Bentledge, a sturdy man build like a fire hydrant with the ruddy face of a life outdoors, breaks up with his last words.
He will testify in a jury trial this month as one of 13 plaintiffs suing two large hog producers for "odor nuisance" from more than 6 thousand pigs now living within miles of their homes.
Their claim - the urine and feces, dead animals, and afterbirth remnants that end up in deep pits or lagoons under the barns, and later spread onto nearby fields DO "interfere with the use and enjoyment of their land...and their quality of life."
Paul Stefan, who went to high school with Bentledge,is a part-owner in these hog farms, knows as Confined Animal Feeding Operations, or CAFO'S. Within earshot of 2000 sows nursing their piglets, there's a discernible latrine-like smell.
Stefan admits he may sometimes be immune to the odor. But he says at a barbeque last summer - right where we're standing on his brother - in-law's lawn, that smell was a non-issue; "This is a pristine operation. I believe we try to run this very , very well."
Stefan agreed to talk against the advice of his lawyer because he says he's tired of being vilified for prospering in the community;"I don't like all changes all the time, either. But I'm not ashamed of my involvement in agriculture."
Neither Stefan nor his attorney, Eldon McAfee, would comment on whether the companies'abided by zoning laws or state regulations, or exhausted technical options for addressing odor issues.
Representing the plaintiffs in this case is Charlie Speer, of the Speer Law Firm in Kansas City. A former corporate attorney, Speer, another lawyer, and a battery of paralegals focus only on CAFO cases now. Business is booming- the firm has hundreds of cases in 6 states. In response to allegations he's trying to prosper off the misfortune off the neighbors of CAFO's, Speer says his firm always has a local co-counsel.

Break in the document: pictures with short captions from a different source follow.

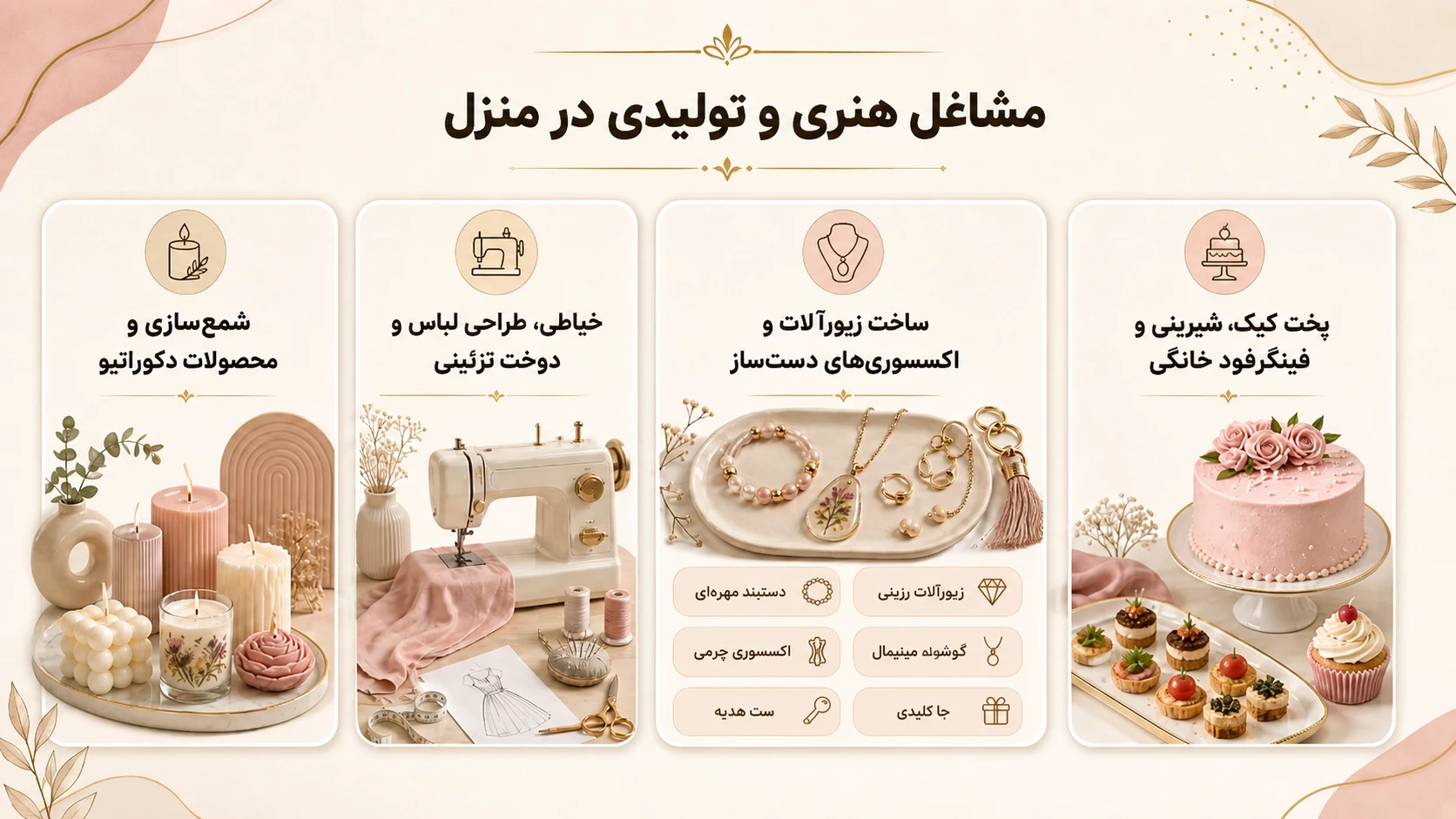 مشاغل هنری و تولیدی در منزل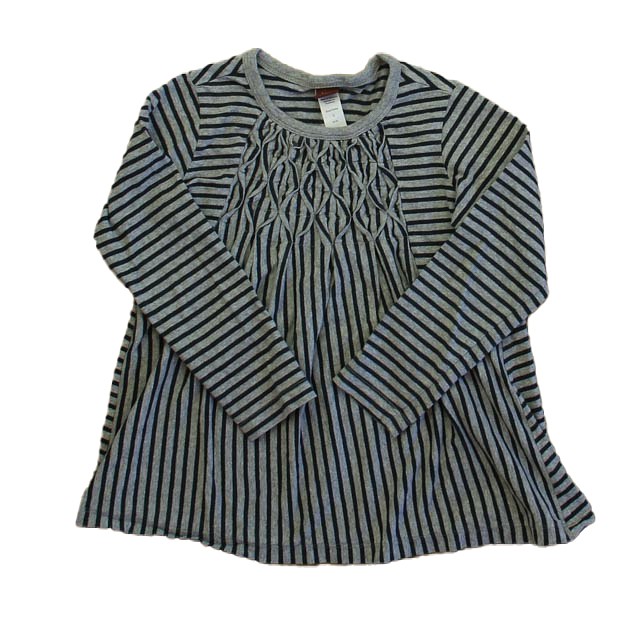 Tea Gray | Navy Stripe Long Sleeve T-Shirt 4-5T 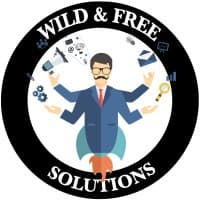 Wild & Free Solutions logo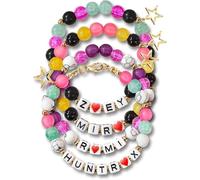 4 Pcs Korean Wave Inspired Bracelet Set, Friendship Bracelets for Fans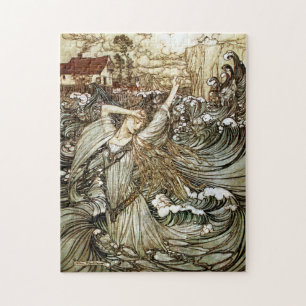 Vintage Undine by Arthur Rackham Jigsaw Puzzle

The firm won an $ 11 million verdict last year - the latest in a string of court victories - against Missouri's largest producer, Premium Standard Farms-a subsidiary of Smithfield Foods out of Virginia. PSF said at the time it might have to pull out of Missouri if the lawsuits continue.
Sponsors of the Missouri bill are from districts where PSF operations are heaviest, in Northwest region of the state. What the bill says is that jury awards would be limited to the DECREASE IN VALUE a CAFO created on a property. Also, the bill limits the number of times neighbors can sue for the same thing - making a so-called "temporary " nuisance, permanent.

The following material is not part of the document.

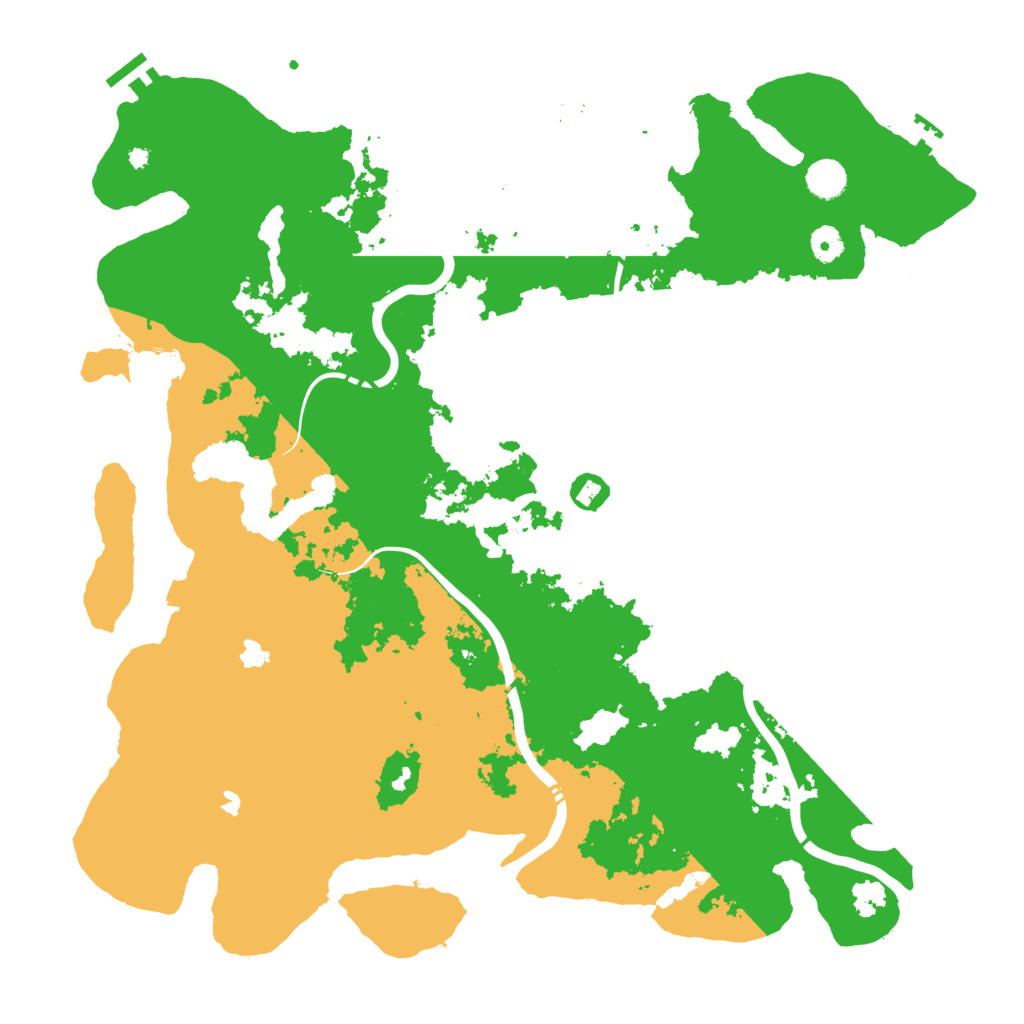 Biome Rust Map: Procedural Map, Size: 4500, Seed: 1676274297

Charlie Speer believes this legislation would take away the incentive for CAFO's to clean up their farms;"Temporary means that the offending party can abate the nuisance. They can clean it up. THe money or damages should influence you to fix the problem, and if (they) don't fix the problem, you can come back and file successive lawsuits until they do."
Those successive lawsuits will suck the agricultural lifeblood out of the state, says Senator Brad Lager, sponsor of the Senate version of the bill. His district, he says, desparately needs the jobs and economic improvements CAFO's like PSF bring to the region; "The reality is that the family farm with 200 head of hogs, that's no longer the world we live in today. And unfortunately, animals sometimes stink, and we're not gonna be able to fix that."
Commodity groups and the Missouri Farm Bureau are supporting the bill; advocates of local control and family farms like the Missouri Rural Crisis Center have worked hard to defeat it.
There is so much ambiguity inherent in this debate, says Rusty Rumley of the National Agriculture Law Center, finding common ground within the agriculture community will be tricky; "It will be really hard to craft a law that takes into account all these different variables- what is agriculture? What is it intended to protect?"
Governor Nixon has supported local control of agriculture in the past , but a spokesman in his office said Thursday night the Governor will be carefully studying this CAFO bill.